Atom and bond graphs

The dependency-free atom graph layer treats atoms as nodes and explicit or inferred bonds as edges:

g = mol.to_graph()
g.n_atoms, g.n_bonds
g.node_features()
g.node_features("ml")
g.edge_features("ml")
g.feature_matrices(return_names=True)
g.edge_types  # bond orders, 1.0 when inferred or unknown
g.formal_charges

Node attributes include element, atomic number, mass, coordinates, and, when the source file has them, atom name, residue name/id, chain and formal charge. Edge attributes include endpoint indices, interatomic distance and bond order (1.0 for inferred or unknown orders).

Feature presets keep ML columns stable:

  • Node default: atomic number and mass.
  • Node basic: atomic number, mass, formal charge.
  • Node ml: fixed element one-hot features, atomic number, mass, formal charge, aromatic flag.
  • Edge default: distance.
  • Edge basic: distance and bond order.
  • Edge ml: distance, bond order, aromatic flag.

Use optional RDKit-backed aromaticity when building the graph:

g = mol.to_graph(include_chemical_features=True)

Configurable edges for 3D GNNs

By default edges are covalent bonds (explicit or geometrically inferred). For 3D GNN architectures it is standard to build the edge set from spatial proximity instead, which to_graph supports directly:

g = mol.to_graph(knn=12)                   # k-nearest-neighbour edges
g = mol.to_graph(radius=8.0)               # all atom pairs within 8 Å
g = mol.to_graph(delaunay=True)            # Delaunay / Voronoi adjacency
g = mol.to_graph(knn=12, min_seq_sep=3)    # k-NN, minus trivial local contacts
g = mol.to_graph(min_seq_sep=3)            # filter covalent/inferred bonds too

knn=k connects each atom to its k nearest neighbours by Euclidean distance. The per-node neighbour lists are symmetrised by union, so an edge survives when either endpoint ranks the other among its k nearest. k is capped at n - 1.

radius=r connects every atom pair within r angstrom, reusing the same fast KD-tree / cell-list search as Molecule.contacts.
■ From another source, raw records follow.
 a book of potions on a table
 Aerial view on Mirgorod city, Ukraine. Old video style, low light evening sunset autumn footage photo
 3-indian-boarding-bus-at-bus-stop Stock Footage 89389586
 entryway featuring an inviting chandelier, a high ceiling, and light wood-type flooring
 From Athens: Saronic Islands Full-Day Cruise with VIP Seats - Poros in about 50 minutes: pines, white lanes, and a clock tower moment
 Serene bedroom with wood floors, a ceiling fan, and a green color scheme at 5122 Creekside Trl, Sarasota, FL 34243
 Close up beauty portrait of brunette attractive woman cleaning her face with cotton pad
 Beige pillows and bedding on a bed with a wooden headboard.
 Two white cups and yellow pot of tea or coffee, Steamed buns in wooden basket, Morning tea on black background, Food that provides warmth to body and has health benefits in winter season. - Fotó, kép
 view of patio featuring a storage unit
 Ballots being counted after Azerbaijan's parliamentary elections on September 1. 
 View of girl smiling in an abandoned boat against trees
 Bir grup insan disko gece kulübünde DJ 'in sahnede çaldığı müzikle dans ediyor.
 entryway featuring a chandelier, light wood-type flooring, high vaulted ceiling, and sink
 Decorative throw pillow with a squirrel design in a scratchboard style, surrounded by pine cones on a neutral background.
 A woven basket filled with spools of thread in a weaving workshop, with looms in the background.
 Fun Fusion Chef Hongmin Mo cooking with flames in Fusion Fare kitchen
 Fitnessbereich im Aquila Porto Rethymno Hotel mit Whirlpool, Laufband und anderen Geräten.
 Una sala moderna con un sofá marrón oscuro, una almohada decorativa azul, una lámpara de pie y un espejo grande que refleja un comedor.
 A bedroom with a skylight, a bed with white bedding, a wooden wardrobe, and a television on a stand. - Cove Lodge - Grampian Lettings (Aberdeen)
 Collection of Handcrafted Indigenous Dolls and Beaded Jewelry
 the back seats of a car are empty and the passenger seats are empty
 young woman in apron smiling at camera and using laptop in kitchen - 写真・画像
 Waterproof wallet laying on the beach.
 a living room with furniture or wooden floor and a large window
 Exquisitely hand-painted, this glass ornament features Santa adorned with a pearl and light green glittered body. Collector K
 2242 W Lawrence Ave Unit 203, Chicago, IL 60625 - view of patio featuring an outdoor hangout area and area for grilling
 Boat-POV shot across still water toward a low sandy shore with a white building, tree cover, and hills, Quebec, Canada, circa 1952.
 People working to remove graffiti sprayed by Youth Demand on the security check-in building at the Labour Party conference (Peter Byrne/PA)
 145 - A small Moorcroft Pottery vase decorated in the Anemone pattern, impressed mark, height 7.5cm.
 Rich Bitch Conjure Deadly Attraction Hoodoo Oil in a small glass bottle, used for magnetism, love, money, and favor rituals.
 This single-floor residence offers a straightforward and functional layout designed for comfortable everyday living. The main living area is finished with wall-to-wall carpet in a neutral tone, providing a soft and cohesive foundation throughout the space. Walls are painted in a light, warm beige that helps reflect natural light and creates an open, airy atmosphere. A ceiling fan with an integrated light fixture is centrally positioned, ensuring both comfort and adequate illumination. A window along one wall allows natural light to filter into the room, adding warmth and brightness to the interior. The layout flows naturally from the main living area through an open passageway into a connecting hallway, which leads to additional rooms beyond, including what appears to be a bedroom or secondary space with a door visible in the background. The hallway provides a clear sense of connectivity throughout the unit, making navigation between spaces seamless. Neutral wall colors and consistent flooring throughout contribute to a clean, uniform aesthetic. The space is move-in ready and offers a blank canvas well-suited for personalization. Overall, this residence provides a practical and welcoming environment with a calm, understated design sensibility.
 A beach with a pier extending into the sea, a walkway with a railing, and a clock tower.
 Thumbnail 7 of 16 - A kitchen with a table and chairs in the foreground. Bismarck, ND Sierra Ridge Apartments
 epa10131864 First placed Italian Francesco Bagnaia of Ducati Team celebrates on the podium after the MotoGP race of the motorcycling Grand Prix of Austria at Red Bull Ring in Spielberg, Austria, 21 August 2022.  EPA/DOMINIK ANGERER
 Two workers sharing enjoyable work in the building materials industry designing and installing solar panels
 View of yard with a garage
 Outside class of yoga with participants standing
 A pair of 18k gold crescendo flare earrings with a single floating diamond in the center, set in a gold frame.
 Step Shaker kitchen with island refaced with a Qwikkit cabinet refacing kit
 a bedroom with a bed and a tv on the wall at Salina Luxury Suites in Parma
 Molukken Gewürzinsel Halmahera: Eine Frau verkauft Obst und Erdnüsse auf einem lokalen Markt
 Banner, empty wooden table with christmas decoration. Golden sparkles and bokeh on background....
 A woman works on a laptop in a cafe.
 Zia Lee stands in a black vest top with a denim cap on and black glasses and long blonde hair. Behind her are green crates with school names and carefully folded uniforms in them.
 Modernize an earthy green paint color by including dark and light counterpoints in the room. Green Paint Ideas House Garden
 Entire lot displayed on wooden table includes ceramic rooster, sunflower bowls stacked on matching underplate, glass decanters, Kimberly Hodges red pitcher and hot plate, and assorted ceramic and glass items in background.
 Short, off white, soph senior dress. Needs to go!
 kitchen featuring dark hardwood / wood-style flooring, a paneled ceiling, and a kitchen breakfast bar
delaunay=True builds edges from the 3D Delaunay triangulation — equivalently, Voronoi adjacency — a threshold-free, density-adaptive graph that avoids the dense-core/exposed-loop disparities of a fixed cutoff. It requires SciPy (the [fast] extra); unlike knn/radius there is no pure-NumPy fallback. Note that a raw Delaunay graph introduces some long edges across surface concavities and the convex hull, so pair it with min_seq_sep (or filter by edge_distances) when those matter.

At most one of knn, radius, delaunay and an explicit bonds= array may be given.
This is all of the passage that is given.